Just before his resignation he had been elected, with Mirabeau and Sieyes, a member of the department of Paris; and in that capacity did useful work for some eighteen months in seeking to support the cause of order in the turbulent capital. Though he was often on strained terms with Mirabeau, yet his views generally coincided with those of that statesman, who is said on his death-bed (2nd of April 1791) to have communicated to him his opinions on domestic and international affairs, especially advising a close understanding with England. Talleyrand's reputation for immorality, however, was as marked as that of Mirabeau. While excelling him in suppleness and dexterity, he lacked the force of character possessed by the great "tribune of the people"; and his influence was gradually eclipsed by that of the more ardent and determined champions of democracy, the Girondins and the Jacobins. In the closing days of the first or Constituent Assembly, Talleyrand set forth (loth of September 1791) his ideas on national education. Education was to be free, and to lead up to the university. In place of dogma, the elements of religion were alone to be taught.

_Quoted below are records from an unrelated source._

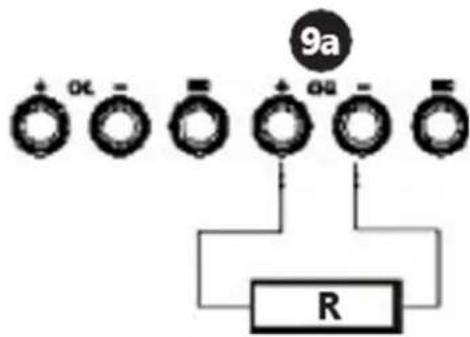 Stamos S-LS-28 - Parallel/series operation mode - 2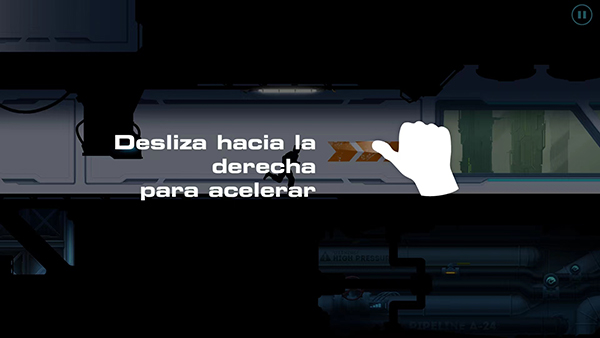 矢量跑酷2官方版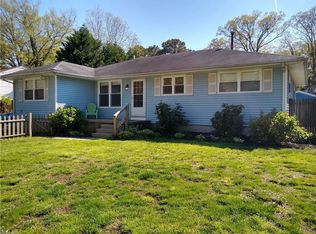 1225 Pineview Ave, Norfolk, VA 23503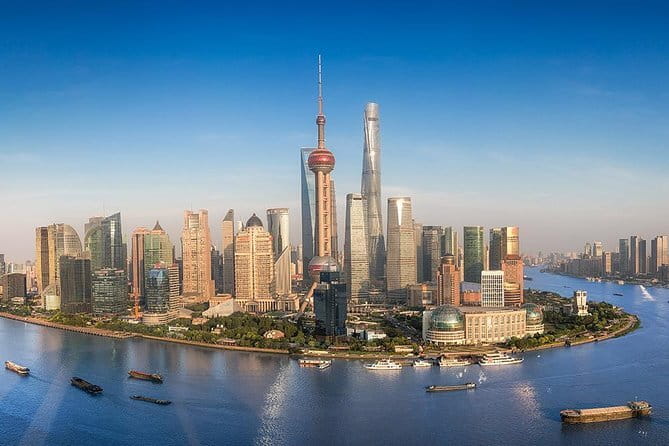 Shanghai: Yu Garden Admission Ticket - Why the Ming and Qing relics make the garden more than scenery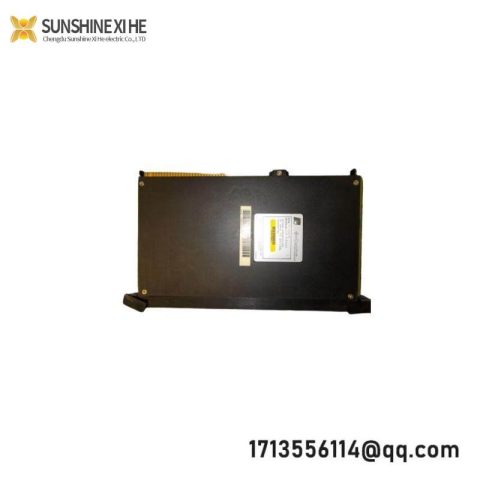 RELIANCE WR-D4007 Model 57045 Industrial Control Module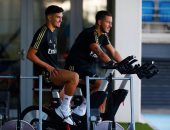 هازارد سلاح زيدان المُنتظر فى ريال مدريد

Debarred from election to the second National Assembly (known as the Legislative) by the self-denying ordinance passed by the "constituents," Talleyrand, at the close of 1791, sought to enter the sphere of diplomacy for which his mental qualities and his clerical training furnished him with an admirable equipment. The condition of affairs on the continent seemed to French enthusiasts to presage an attack by the other Powers on France. In reality those Powers were far more occupied with the Polish and Eastern questions than with the affairs of France; and the declaration of Pilnitz, drawn up by the sovereigns of Austria and Prussia, which appeared to threaten France with intervention, was recognized by all well-informed persons to be "a loud-sounding nothing." The French foreign minister, Delessart, believed that he would checkmate all the efforts of the emigres at the continental courts provided that he could confirm Pitt in his intention of keeping England neutral. For that purpose Delessart sent Talleyrand, well known for his Anglophil tendencies, to London, but in the unofficial or semiofficial capacity which was rendered necessary by the decree of the Constituent Assembly referred to above. Talleyrand arrived in London on the 24th of January 1792, and found public opinion so far friendly that he wrote off to Paris, "Believe me, a rapprochement with England is no chimera." Pitt received him cordially; and to Grenville the envoy stated his hope that the two free nations would enter into close and friendly relations, each guaranteeing the other in the possession of its existing territories, India and Ireland being included on the side of Britain. After some delay the British government decided to return no definite answer to this proposal, a result due, as Talleyrand thought, to the Gallophobe views of King George and of the ministers Camden and Thurlow. Talleyrand, however, was convinced that Great Britain would not intervene against France unless the latter attacked the Dutch Netherlands.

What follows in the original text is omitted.